Last summer I led a group to Ireland on a Faith Passage tour. The Emerald Island is breathtaking. One day we drove to the furthest point west on the Dingle Peninsula. There, the wind-swept blue sea crashes on rocky cliffs. It is harsh and cold; vast and beautiful. We were at the end of the world, or at least the end of Patrick’s world of the 4th Century.
He had been kidnapped by slave traders (in Britain) and sent to Ireland to work as a slave. God only knows what that life was like. In his Confession, he speaks of the harsh weather and constant hunger. Yet, this hardship brought him to reconsider the faith of his parents and his own sins and the need for a Savior.
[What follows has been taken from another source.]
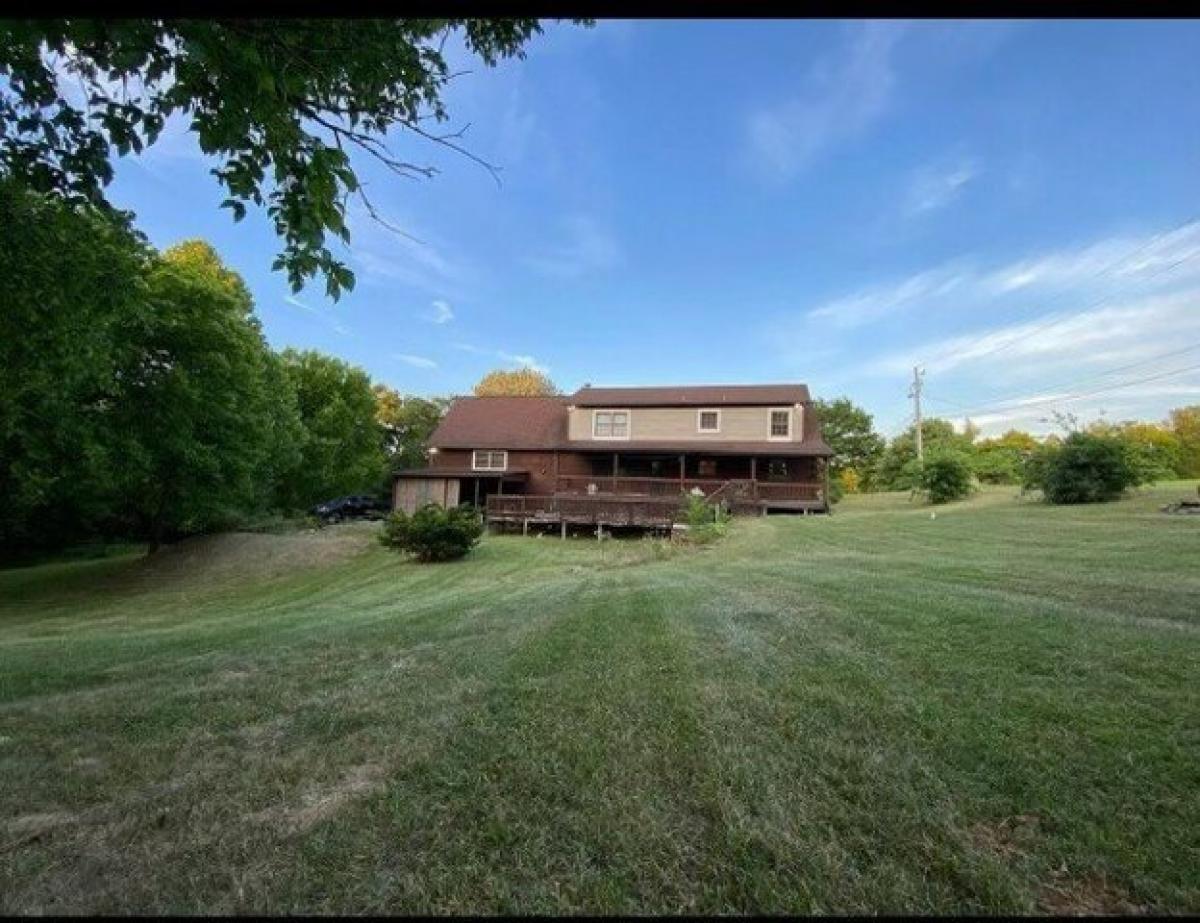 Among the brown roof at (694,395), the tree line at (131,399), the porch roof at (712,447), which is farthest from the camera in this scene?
the brown roof at (694,395)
He writes in his Confession,
“the Lord opened my mind to an awareness of my unbelief, in order that, even so late, I might remember my transgressions and turn with all my heart to the Lord my God, who had regard for my insignificance and pitied my youth and ignorance.”
And then, echoing Psalm 139 he wrote,
“God watched over me before I knew him, and before I learned sense or even distinguish between good and evil… He protected me.”
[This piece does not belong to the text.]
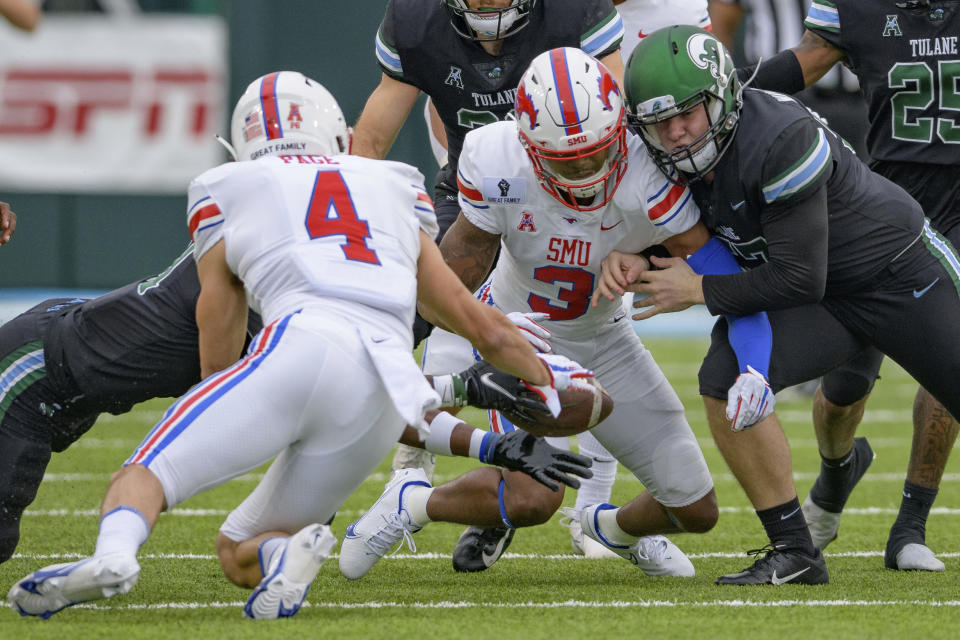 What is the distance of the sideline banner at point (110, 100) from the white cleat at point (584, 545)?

Patrick Fulfills the Great Commission
Most people in the Roman world had written off the island as one of the least inhabitable portions of the earth. In the winter I’m sure I’d agree. Much of the northern island is rocky and rugged. They have had severe famines here in their recent past. But on Dingle Island, I came to see that this was the end of the world beyond which no one was living.
Here is a quote from The Confessions (34): Look at us: we are witnesses that the gospel has been preached right out to where there is nobody else there!
Can any of us claim to have fulfilled the Great Commission?
Patrick believed the people who lived here…pagans, Druids, warlords, and slaver-traders…were worth saving because he had been saved. The next years of Patrick’s ministry saw the Christian conversion of well over 100,000 pagans and the establishment of over 300 churches. All this took place while the Roman Empire was collapsing. Indeed, from this seedbed of the Gospel, other missionaries carried the Gospel to England and Europe; and the Word of God advanced. Remarkably, when the Roman missionary Bishop Augustine arrived at Canterbury in 597AD, he found evidence of the church already there. The Gospel has already come there…from the end of the world…from the work of Patrick centuries before.
As glasses are raised and Patrick is praised for deeds either legendary or true, let’s remember the times he lived in and the impact of his obedience. Because of Christ’s work in his life, he didn’t hate the culture he was trying to reach. He loved the Gospel of Christ and that made him love the people of Ireland. The land is impressive enough. But it is impossible not to be impressed with Patrick…and what God did for him.
But God also did something through him.